Cierro el libro. Cierro los ojos. La noche ha comenzado a caer sobre mi ciudad. Y estoy despierto. La llamada telefónica del poeta Santos López comienza a decirme de un libro que también me dice: “No es que Dios no te perdone, / Es que tú no perdonas a Dios”.

 

8

La piedra. Una piedra. El poema. Un poema. El viaje de quien va en el poema. De quien es la piedra. Y los elementos. La poesía se concentra en una definición:

Somos una piedra, algo común y corriente
Lavada tantas veces por la lluvia.

Y luego aparece Lezama Lima y su enjundia, entre diálogos. Blake, Shakespeare, Nifarí: esos viajeros de la muerte que nunca mueren. Y así, Adrasto y Midas, mitológicos.

Tantos personajes, tantos muertos presentes. Los nombrados, los que no tienen nombre sino una lápida. Los que se niegan a ser nombrados. Y los que se avistan en su propio silencio. Los santos, los ungidos.

 

9

Gobierno nacido de un orden de fuego.
Conciencia del sueño, árbol brillante de la otra savia.

En la muerte yace un amor hacia el amor,
Una eternidad vuela llameante, nueva, vuelve.
Regresa y hoy renace entre los fieles.

En “Santísimo” el superlativo forma parte de la forma que le da al cuerpo invisible. Santísimo es Dios. Hay una Santísima Trinidad. Padre, Hijo y Espíritu. Y esas tres piedras facilitan el camino de la fe, de la transmigración, de la ida y de la vuelta. Del aparecerse en medio de la sombra o en la luz de una vela. O mientras el cuerpo reposa en medio de la noche:

A veces en el sueño, no se va tan lejos adentro
Como un santo para oír nuestros propios sonidos.

Una vez más el adentro, el símbolo de la travesía. El símbolo invocado para el viaje. Y entre tanta distancia, la tierra, el polvo, la ceniza, el cuerpo desnudo, ausente, la locura:

Fui expulsado al sueño temprano de un desierto (…)
¿Qué tierra puede andar unos pies si nada tienen?

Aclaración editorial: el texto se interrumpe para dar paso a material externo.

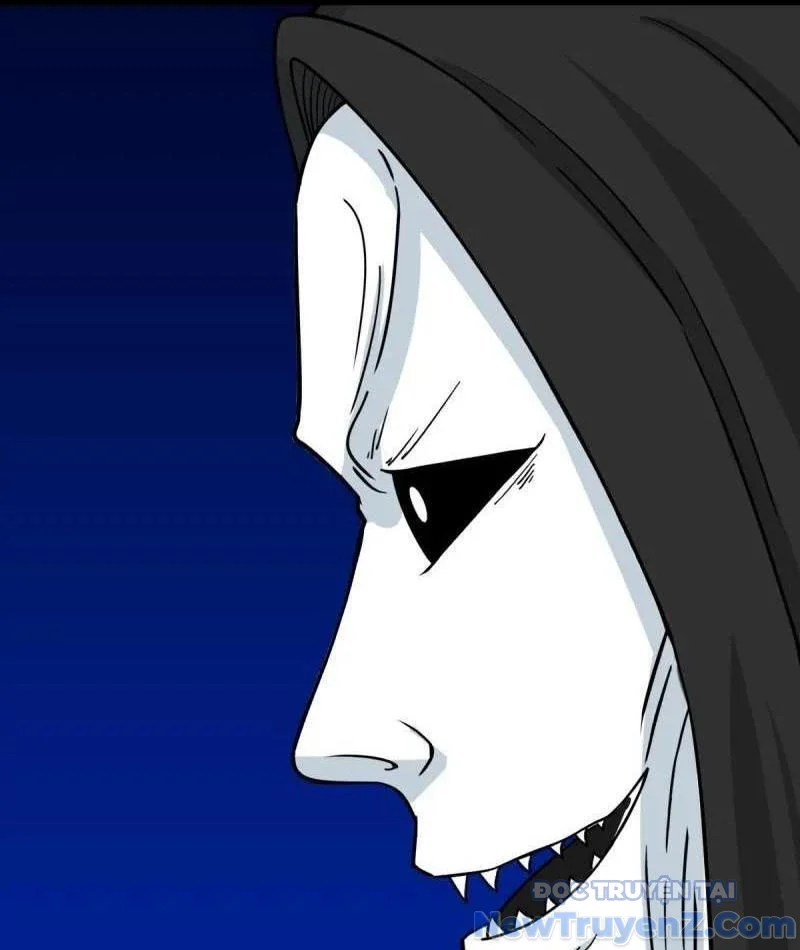 Đấu Yếm Thần Chapter 381 - Trang 3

El alma es viajera. No tiene lugar fijo. Se adhiere a las palabras, a las frases que el viviente repite a diario. Alguien dice un poema, alguien lo dicta:

El alma, como la palabra, es esclavitud.
El espíritu no aparece.

La voz del que nombra o define. La voz atendida desde ese nombrado adentro. El yo convenido, citado por el tiempo, borrado a veces:

Sin ego
puedes estar
abierto a todo.

Quien haya muerto no tiene sombra, ni yo. Deja de ser aquí. Allá está, tiene voz, es poema.

 

10

El libro, una adenda en la que los aforismos también admiten que son capaces de convertirse en poesía. Es más, son la poesía de aquella extensión titulada “Soy el animal que creo”, vieja estación de Santos López por la que pasa y deja huella, hasta este ahora y siempre en la que

La poesía es respiración.

Como si se tratara de un estudio acerca del poema, mientras los antepasados recitan desde su estancia el lugar de la poesía. Ese fluir, ese venir desde allá, ese fluir de Ellos, es el canto de toda la vida del poeta venezolano Santos López.